MANAGEMENT'S DISCUSSION AND ANALYSIS OF FINANCIAL CONDITION AND RESULTS OF
OPERATIONS (continued)
Corporate Operations Expenses
Increase
(in thousands)
1997-1998 $ 1,019 22.1%
1996-1997 1,144 33.0
Corporate Operations Expenses include regulatory, executive, and insurance
expenses and professional fees, such as fees for legal and accounting
services. These expenses include regulated expenses of CTT and BVT and
expenses of CEI and the other subsidiaries. The increases in Corporate
Operations Expenses in 1998 resulted from the inclusion of a full year of
INF's corporate operations expenses in 1998 and expenses incurred by CCI and
CWC in developing their businesses, especially expenses and fees related to
the build-out of CWC's PCS system. Corporate Operations Expenses increased
62.3% during the 1996 through 1998 period .

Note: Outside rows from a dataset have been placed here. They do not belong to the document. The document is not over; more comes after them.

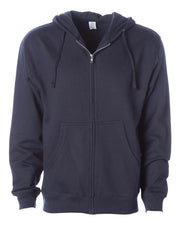Independent Trading Co. - Midweight Full-Zip Hooded Sweatshirt - SS4500Z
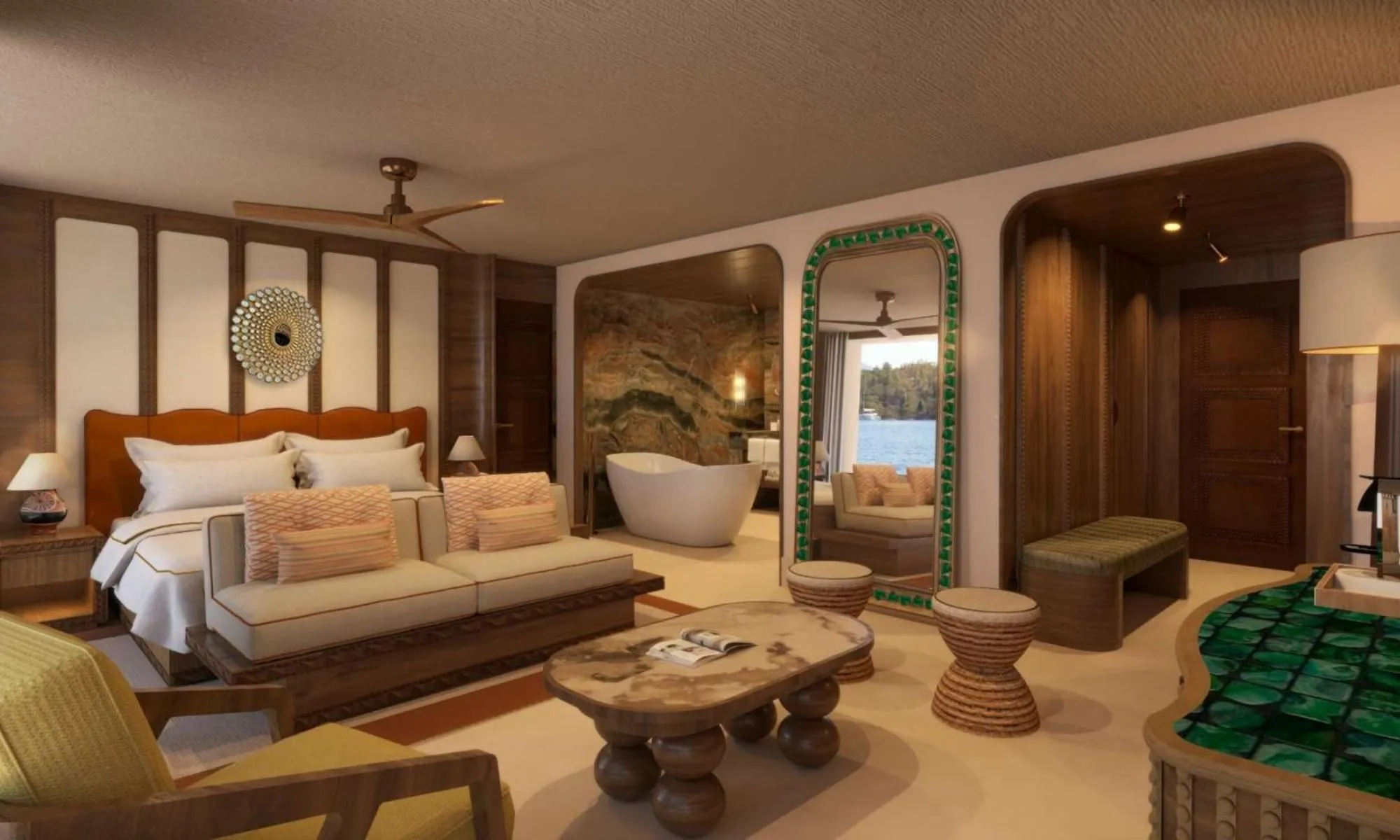 Photo of the whole room in The Site Hotel Ibiza New Opening 2026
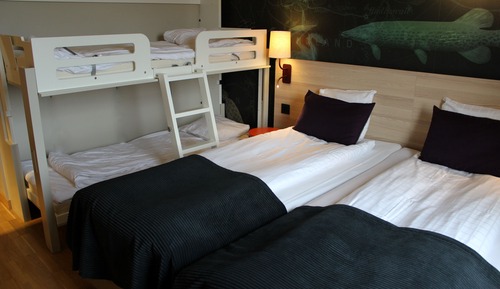 Habitación familiar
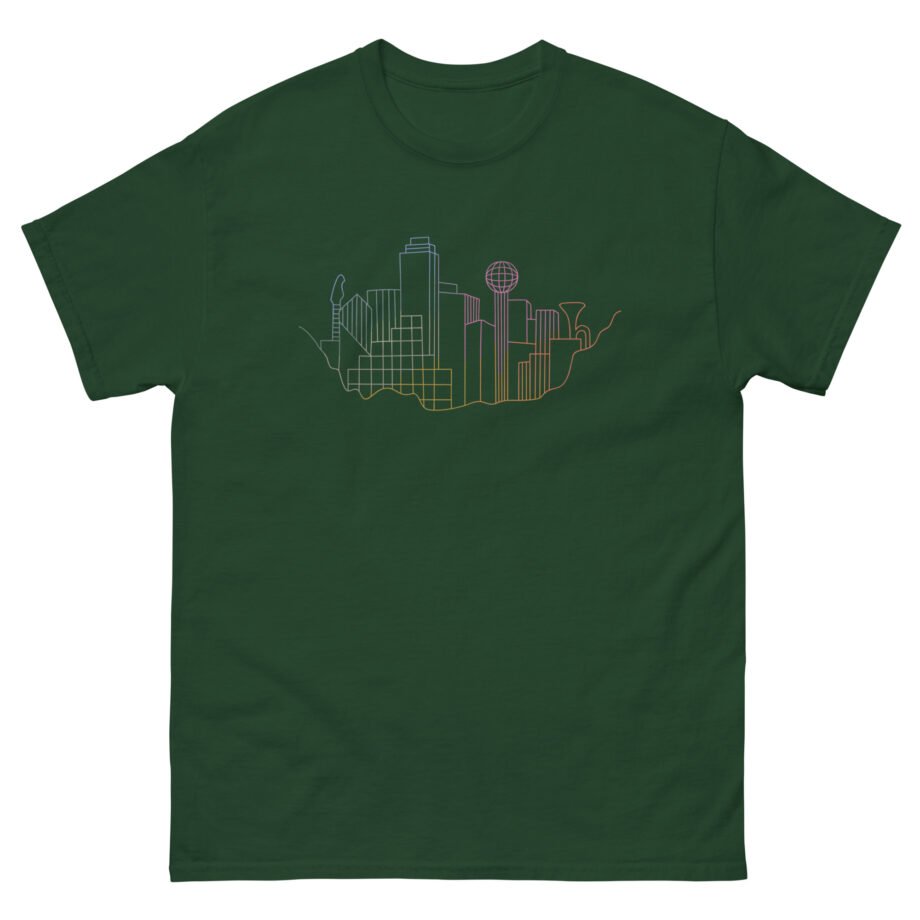 Snarky Puppy Empire Central Skyline Unisex classic tee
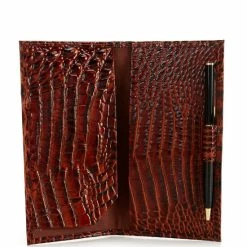 Cheapest ???? BRAHMIN Melbourne Collection Cordelia Checkbook Wallet Pecan ???? -BRAHMIN Shop unnamed file 2416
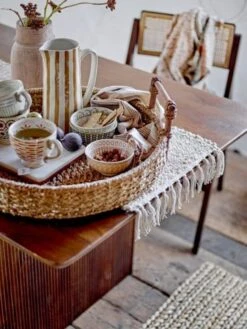 Bloomingville Maple Schalen Blauw Set Van 6 Stuks - 82057694 -Bestekwinkel bloomingville maple schalen blauw set van 6 stuks 3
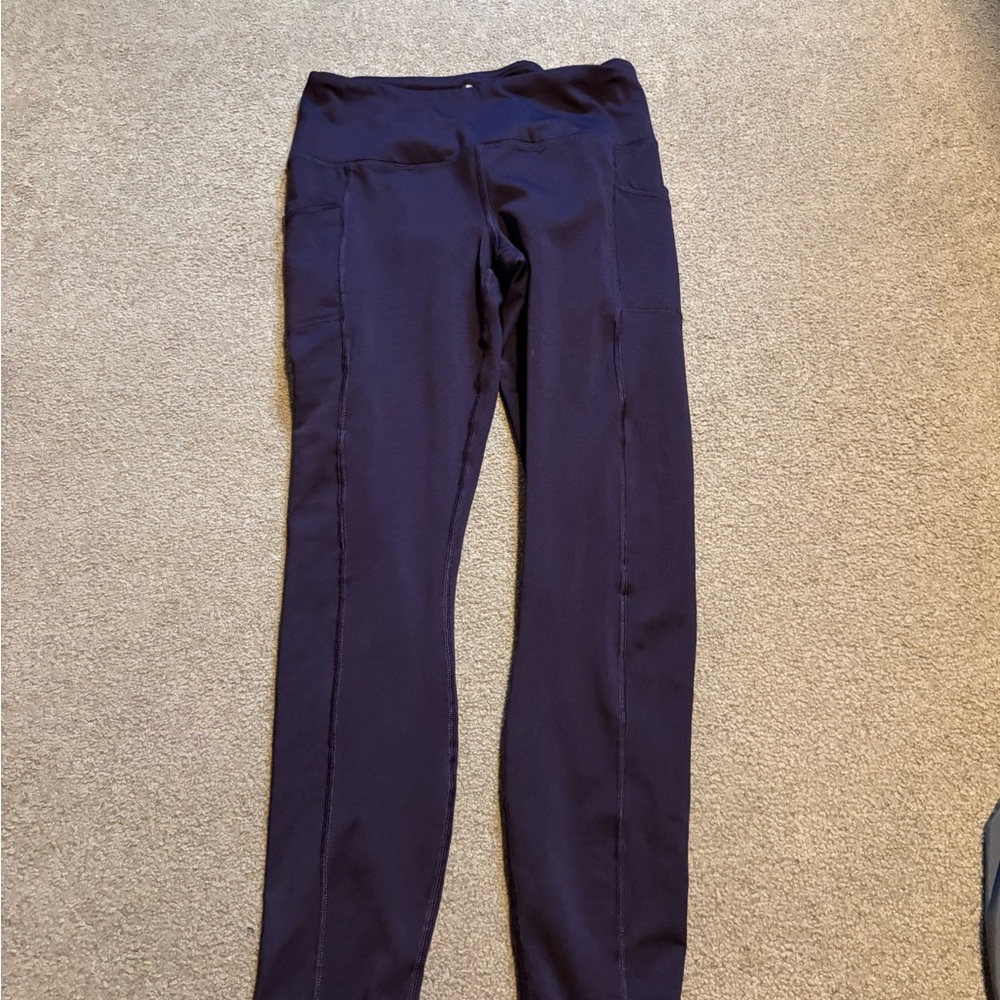 Women’s Deep Plum Leggings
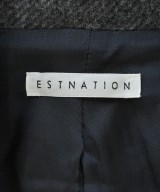 ESTNATION（エストネーション）チェスターコート グレー サイズ:36(S位) レディース/2200681508019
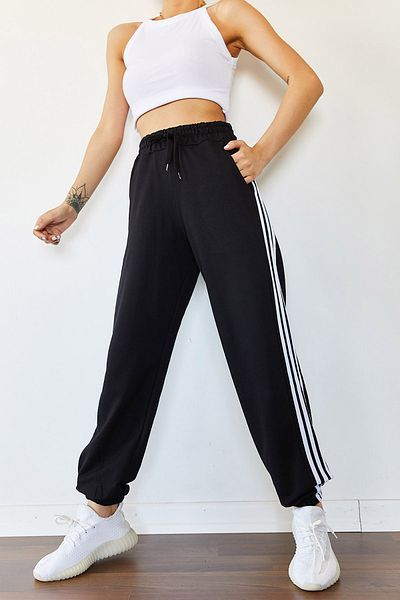 XHAN Jogginghose - Schwarz - Jogger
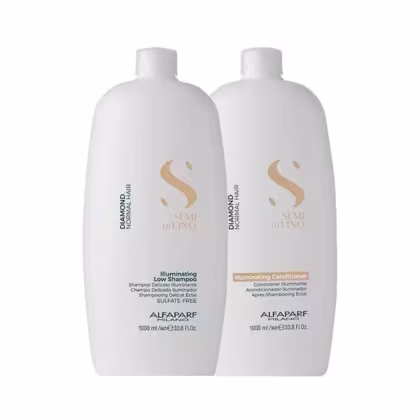 Imagem do produto Kit Alfaparf Diamond Shampoo e Condicionador 1L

Taxes Other than Income Taxes
Increase
(in thousands)
1997-1998 $ 42 2.2%
1996-1997 216 13.0
Taxes Other Than Income Taxes consist primarily of gross receipts,
property, and capital stock taxes. The increase of 15.5% for the 1996 through
1998 period was primarily due to the inclusion of BVT after its acquisition
in May, 1996.
Other Income/Expenses (net)
Increase
(in thousands)
1997-1998 $ 4,833 315.1%
1996-1997 1,292 533.9
Other Income/Expenses (net) consist primarily of interest and dividend
income, interest expense, income from unconsolidated partnership interests,
and gains from the sale of unconsolidated partnership interests or assets.
Interest expense increased 47.9% during 1998, primarily because the
Company borrowed $21.0 million in long term debt in February, 1998, to finance
the build-out of its PCS wireless telephone network. The 130.1% increase in
interest expense during the 1996 through 1998 period also includes interest
paid on $22.0 million of long term debt incurred by the Company to finance a
portion of the acquisition of BVT in 1996.
MANAGEMENT'S DISCUSSION AND ANALYSIS OF FINANCIAL CONDITION AND RESULTS OF
OPERATIONS (continued)
The Company drew on a bank line of credit for interim financing in 1996,
but did not draw thereon in 1997 and 1998. No balances remained on its bank
lines of credit at the end of any year during the 1996 through 1998 period.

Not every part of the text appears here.